Tips for commuting students

Lianna Norman, Editor in Chief

There are plenty of guides with tips and tricks on how to survive your freshman year in college. However, most of these lists directly apply to students who live on campus during their first year of college rather than commuting students.

Here is what you freshmen don’t know you need: tips and tricks on how to survive your freshman year as a commuter.

One thing I’ve learned about being a commuting student is that the more time I spend physically on campus, the more productive I am in my studies. I used to come to campus for classes and immediately leave, living the rest of my life about 15 minutes away at either my house or my job. I quickly learned that this makes it hard to keep up with grades. Weird, I know; but, when you’re on campus for your study time, it increases the amount of time you’re using resources here like the library, counseling center and tutoring center.

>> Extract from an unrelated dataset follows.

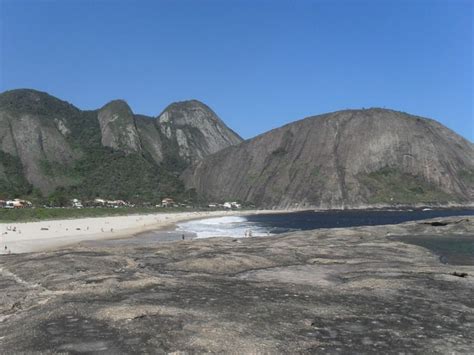 Praia de Itacoatiara - Niteroi- Brasil Photo By Pedro Roquette | Itacoatiara niteroi, Rio de ...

This leads me to how to spend more time on campus and not get home late in the evening (I know most people have a bulk of their classes in the late afternoon, so staying afterward isn’t too appealing to most). If at all possible, schedule your classes between the hours of 9 a.m. and 5 p.m. (yes, like a job) and plan to be here during that time regardless of where your classes fall. Use any time you aren’t in class to study and attend any appointments you wish to make for yourself on campus (tutoring, counseling, career center, etc.). Make your time at home relaxing time, and your time on campus productivity time (as much as you can, anyway).

The one interference with the “9 to 5” plan is any job you may have. I spent the majority of my first two years in college as a barista off-campus, closer to where I live. This hindered me from keeping with the whole “be on campus as much as I can” plan. My remedy for that: get a job on campus.

Jobs on campus are much more flexible with hours. When I took an on-campus job, I started spending more time at UNF and by default, using more of the resources that the university affords to me. I leave my house in the morning, my daily plans all take place in one location (you guessed it, on campus) and then at the end of the day, I go home. I go to my office in the mornings, I usually pack a lunch, and spend any time that I’m not in class between 9 a.m. and 5 p.m. studying.

The more time I spent on campus, the better my grades got. The trick to being a commuter is just one trick, really. Spend a reasonable amount of time at the university every day and maximize your resources while you’re there.